**TASK DATA**:

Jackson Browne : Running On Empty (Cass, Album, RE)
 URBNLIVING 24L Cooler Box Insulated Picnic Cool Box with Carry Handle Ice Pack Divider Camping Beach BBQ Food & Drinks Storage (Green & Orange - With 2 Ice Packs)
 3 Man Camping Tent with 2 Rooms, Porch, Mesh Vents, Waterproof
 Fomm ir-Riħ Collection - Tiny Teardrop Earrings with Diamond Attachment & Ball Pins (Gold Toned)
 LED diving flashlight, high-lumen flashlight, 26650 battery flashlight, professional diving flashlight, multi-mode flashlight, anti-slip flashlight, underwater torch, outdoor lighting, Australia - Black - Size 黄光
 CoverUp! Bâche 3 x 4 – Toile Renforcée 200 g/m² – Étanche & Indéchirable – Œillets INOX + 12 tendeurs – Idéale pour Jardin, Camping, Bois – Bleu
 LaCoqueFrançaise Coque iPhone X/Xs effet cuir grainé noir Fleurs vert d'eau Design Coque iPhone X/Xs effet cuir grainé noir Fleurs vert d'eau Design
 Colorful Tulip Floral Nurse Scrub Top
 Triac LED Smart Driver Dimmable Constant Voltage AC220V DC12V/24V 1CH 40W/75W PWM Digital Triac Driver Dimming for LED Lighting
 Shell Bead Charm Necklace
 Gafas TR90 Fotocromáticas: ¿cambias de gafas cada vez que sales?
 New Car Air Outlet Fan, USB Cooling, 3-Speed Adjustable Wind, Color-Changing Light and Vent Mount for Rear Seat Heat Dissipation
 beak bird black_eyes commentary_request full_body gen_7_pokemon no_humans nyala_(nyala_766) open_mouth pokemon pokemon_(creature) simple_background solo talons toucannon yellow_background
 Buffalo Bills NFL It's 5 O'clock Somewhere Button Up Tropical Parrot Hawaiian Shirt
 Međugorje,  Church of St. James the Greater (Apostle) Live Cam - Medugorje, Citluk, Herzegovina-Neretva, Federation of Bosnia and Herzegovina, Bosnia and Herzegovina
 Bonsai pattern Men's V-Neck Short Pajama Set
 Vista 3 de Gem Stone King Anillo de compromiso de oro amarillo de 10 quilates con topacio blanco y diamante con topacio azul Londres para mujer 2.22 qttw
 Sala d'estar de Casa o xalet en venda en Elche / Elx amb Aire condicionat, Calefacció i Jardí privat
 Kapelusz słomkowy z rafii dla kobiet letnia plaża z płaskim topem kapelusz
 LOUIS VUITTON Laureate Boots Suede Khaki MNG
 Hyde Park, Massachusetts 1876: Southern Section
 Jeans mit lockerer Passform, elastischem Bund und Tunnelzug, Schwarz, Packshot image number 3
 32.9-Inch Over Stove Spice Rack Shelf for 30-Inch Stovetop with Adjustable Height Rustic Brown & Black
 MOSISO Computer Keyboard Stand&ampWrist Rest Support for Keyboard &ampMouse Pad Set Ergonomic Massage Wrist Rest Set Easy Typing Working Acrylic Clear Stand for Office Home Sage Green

**WHAT TO PRODUCE**: All that is needed is the exact run of lines above from the line containing "LED diving flashlight, high-lumen" through the line containing "CoverUp! Bâche 3", both of them included.

**PROBLEM SOLUTION**:
 LED diving flashlight, high-lumen flashlight, 26650 battery flashlight, professional diving flashlight, multi-mode flashlight, anti-slip flashlight, underwater torch, outdoor lighting, Australia - Black - Size 黄光
 CoverUp! Bâche 3 x 4 – Toile Renforcée 200 g/m² – Étanche & Indéchirable – Œillets INOX + 12 tendeurs – Idéale pour Jardin, Camping, Bois – Bleu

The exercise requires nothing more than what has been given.